When Max Fields was invited to curate this year’s Ten Tiny Dances for CounterCurrent, the annual contemporary art and performance festival put on by the University of Houston’s Cynthia Woods Mitchell Center for the Arts, he knew he wanted to take it in a different direction from the previous years’ showcases of contemporary choreographers’ work.
“I don’t have training in formal dance. I don’t have the experience to curate a program that would be more formal,” he says. “I don’t have the eye for it.”
“We’re definitely saving a place on the dance floor for everyone.”
He did, however, have a relationship with musicians and the performances that take place in dance clubs. He knew Karen Farber, executive director of the Mitchell Center, had an interest in social dance. From there, Ten Tiny Dances: Nightlife was born, to be presented at Rich’s Houston nightclub on April 9.
It was a different sort of curatorial process. Whereas stage dancers and choreographers are used to communicating via email and writing proposals and applications for festivals, the performers Fields was after communicated via text message and with much less formality.

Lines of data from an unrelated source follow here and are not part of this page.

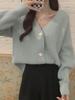 2024 Loose Fit Japanese Retro Soft Knit V-Neck Cardigan for Spring & Autumn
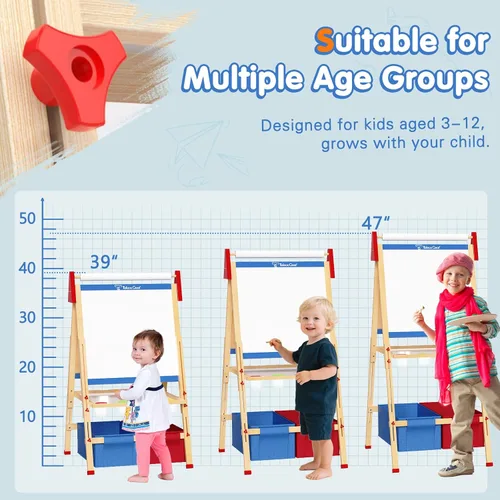 Miniatura 4 de Set de cabalete de arte para niños, tablero de dibujo ajustable de doble cara, cabalete de madera para pintar, edades 2-12, regalo de cumpleaños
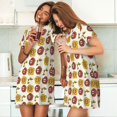 thumbnail image 4 of Fotbe Sunflowers And Skull Bata de Dormir para Mujer con Estampado, Camisón de Algodón de Manga Corta, Ropa de Dormir Casual, 4 of 6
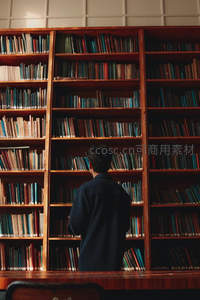 图书馆内背影沉思，高耸书架如知识的森林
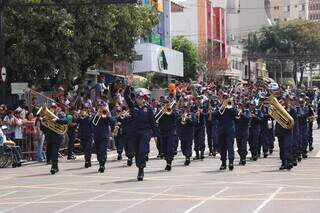 Banda da Guarda Municipal no desfile de 2019 (Foto: Arquivo)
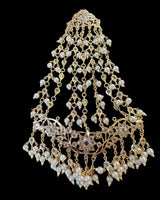 Ekta Gold-Plated Bridal Set with Earrings, Tika & Jhoomar –Pearls ( READY TO SHIP )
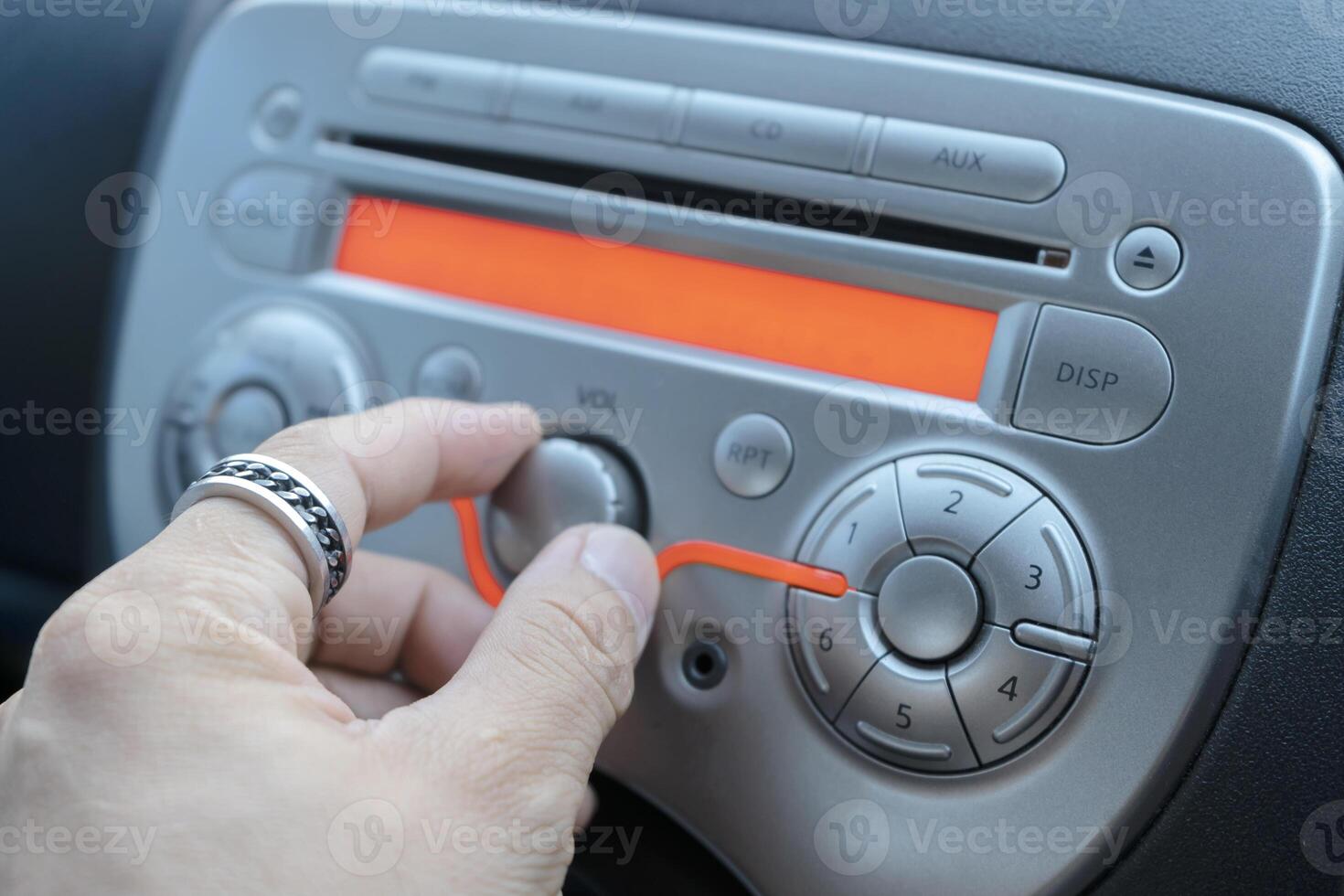 Car audio system concept. Music player in car. photo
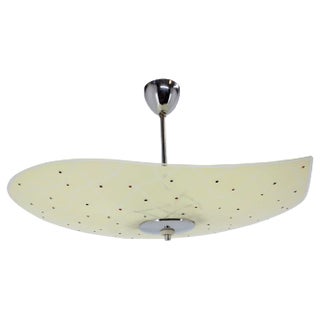 Pendant Light in Glass & Chrome, Czechoslovakia, 1960s For Sale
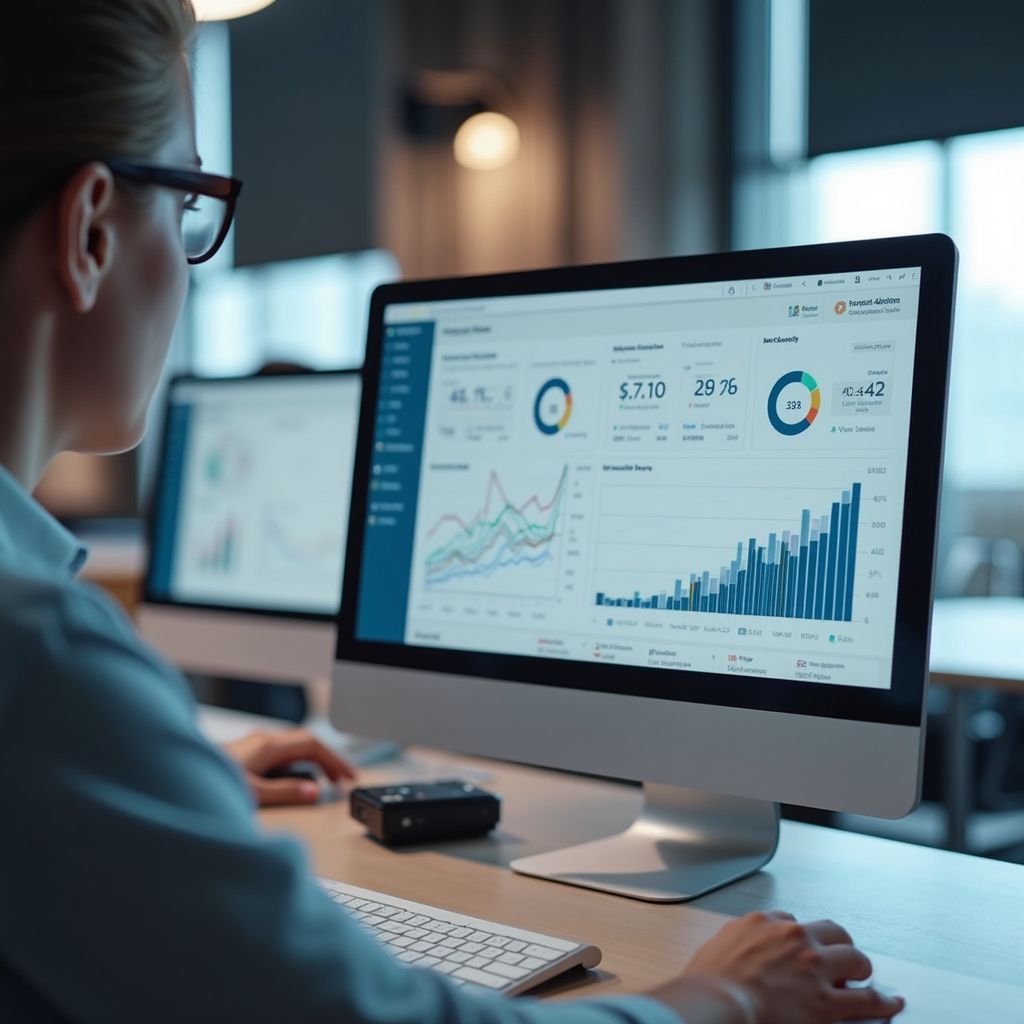 Woman analyzing data on computer screen, blue charts and graphs visible.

As someone from the contemporary-art world, he knew his first task was to build trust with these performers who worked in a whole other realm.
“People who dance in clubs don’t need the validation of the art world to make their work,” he explains. “They don’t need to be on a stage or in a museum. Everyone who is participating in this project had to create space for themselves in this world and for their expression.” These performers have made their own spaces in dive bars and warehouses. Finding them and starting the conversations with them required networking and word-of-mouth more than putting out calls for performers in art circles. “It’s been meeting people through people and getting vetted. ‘Is he cool? Is he okay? Can I trust this person?’”
Fields is proud of the program he’s assembled. “The lineup is not comprised of people just from Texas or Houston” he says. “The lineup includes dancers, club icons, deejays, and more formal artists whose work is informed by nightlife and club culture.” He wanted to have these different types of performers rub up against each other because they each approach their work from different angles. “I’m really interested in the gesture as an archive. I’m interested in how the flick of the wrist is performed over and over, and each time it’s performed by a different person, that history is embedded within that move. Artists look at that one way, deejays look at it another way, club kids look at it a completely different way.” Fields continues. “But they all think about it. Everyone is thinking about how their culture is transmitted through gesture, through dance, through movement.”
By way of introducing the lineup, Fields focused on three performers or groups—one from Houston, another from Texas at large, and one who is a more traditional artist engaged with the art world.
From Houston is Neon Mavericks, a competition dance group based at the country and western club Neon Boots Dancehall & Saloon in northwest Houston. They’re going to present a choreographed history of the famous dance hall that once featured Willie Nelson and Patsy Cline. Their performance will showcase the evolution of the club into a modern-day center of LGBTQ country and Tejano culture.
Hailing from San Antonio is the House of Kenzo, a group that is often associated with voguing and ballroom styles of club performance, but are expanding and creating a distinct vocabulary of its own. They’re pulling from influences as varied as ChicanX, blues, and deejay cultures, as well as styles they’ve picked up from traveling to other cities. “It’s very queer,” Fields says. “I have a hard time trying to pin them down, to hold their identity to a single word.”
Working within the more traditional art world is Devin Kenny, who is currently living in Houston as part of the MFAH’s Glassell School of Art Core Residency Program. Originally from Chicago and educated in New York City and Los Angeles, Kenny’s work explores coded communications found in such cultural artifacts as quilts from the Underground Railroad, graffiti, and Internet memes. For his Ten Tiny Dances performance, he’ll be exploring the juxtaposition of black music and culture’s infiltration into mainstream media against the constant stream of news stories about police brutality directed at black and brown bodies.
These disparate styles (and more) will all be presented at Rich’s Houston, a nightclub with its own long history in the city’s nightlife scene. Again, via connections and networking, Fields was able to secure Rich’s as the site for this year’s Ten Tiny Dances. Following the performances, the audience is invited to stay for a dance party with a set from the Houston dance-pop group Wild Moccasins.
Summing up what he hopes for the evening, Fields says, “This project wouldn’t be successful if people didn’t come out and dance. We’re definitely saving a place on the dance floor for everyone.”